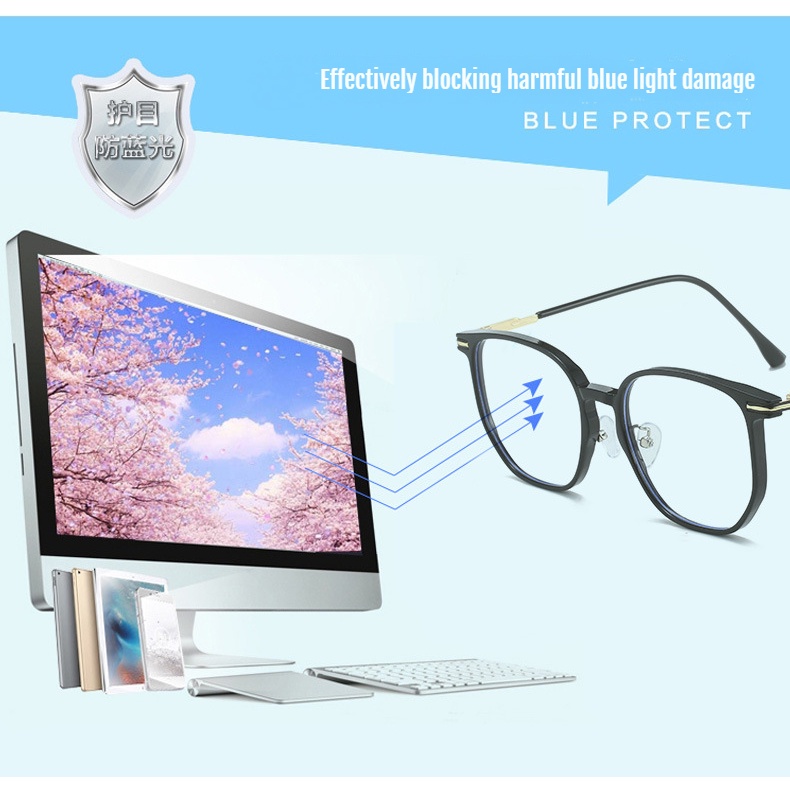 Oversized TR90 Kacamata Anti Radiasi Untuk Wanita Pria Komputer Blocking Blue Light Glasses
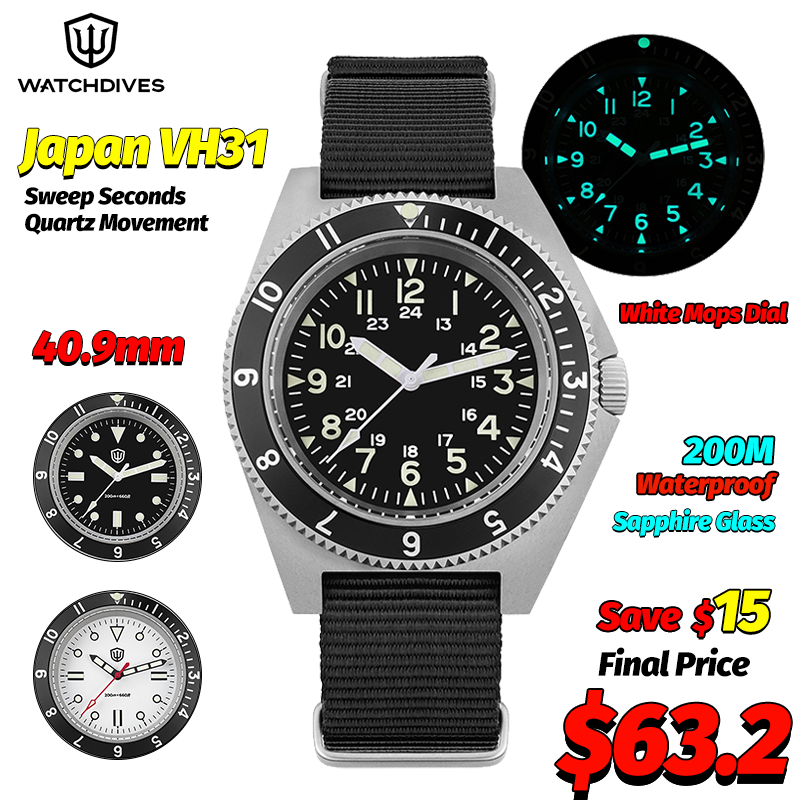 Accessories With Watch - Watchdives WD1972 Quartz Watch Sapphire Luminous
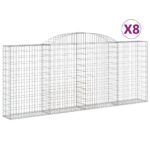 vidaXL Oblúkové gabionové koše 8 ks 300x30x120/140 cm pozink. železo – Obrázok 2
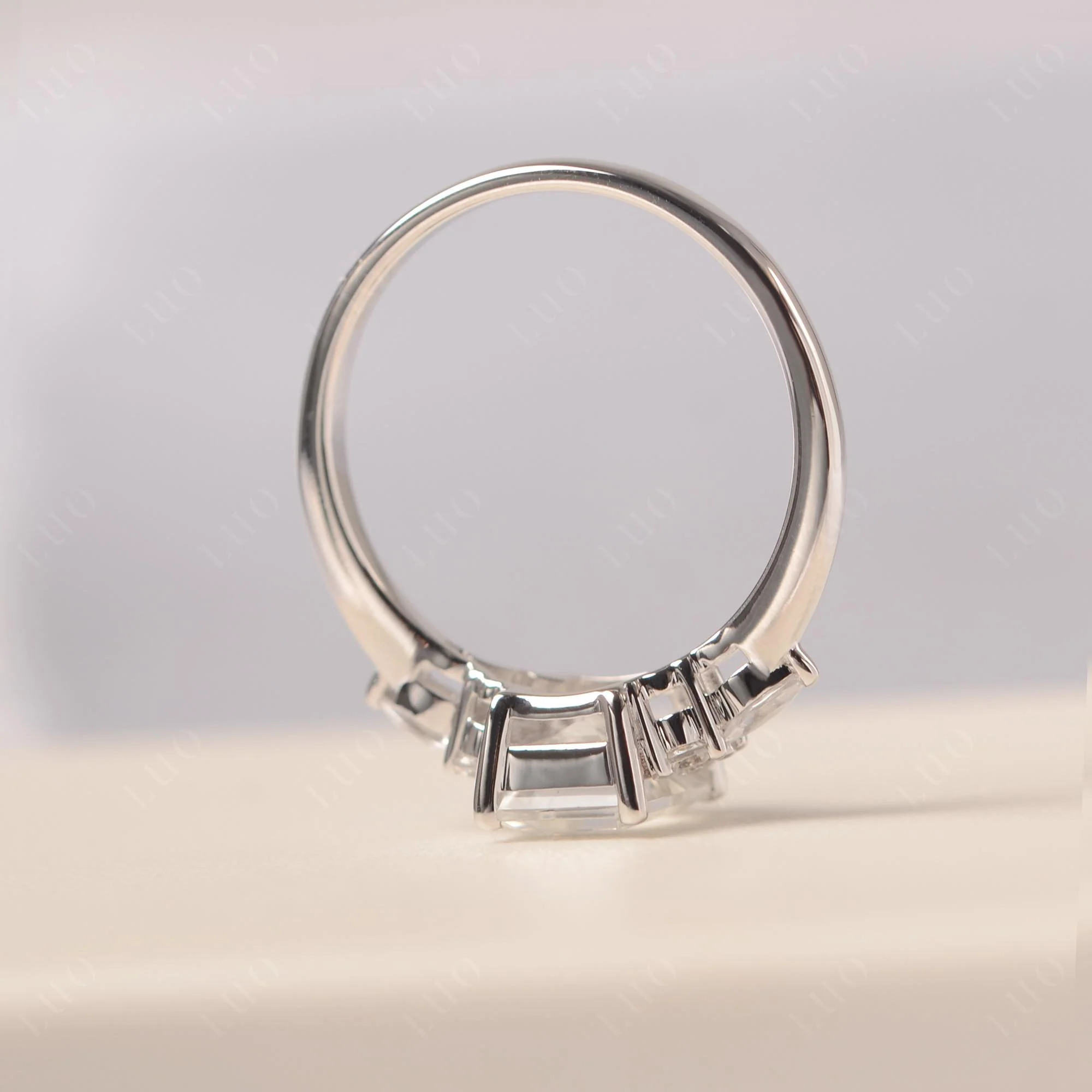 Simple Emerald Cut White Topaz Ring - Image 32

__WORK REQUEST__. None of the pictures belong in the copy. Write out exactly the lines from the line that holds "Accessories With Watch" through the last line of the listing above, both ends included.

__EXERCISE RESULT__.
 Accessories With Watch - Watchdives WD1972 Quartz Watch Sapphire Luminous
 vidaXL Oblúkové gabionové koše 8 ks 300x30x120/140 cm pozink. železo – Obrázok 2
 Simple Emerald Cut White Topaz Ring - Image 32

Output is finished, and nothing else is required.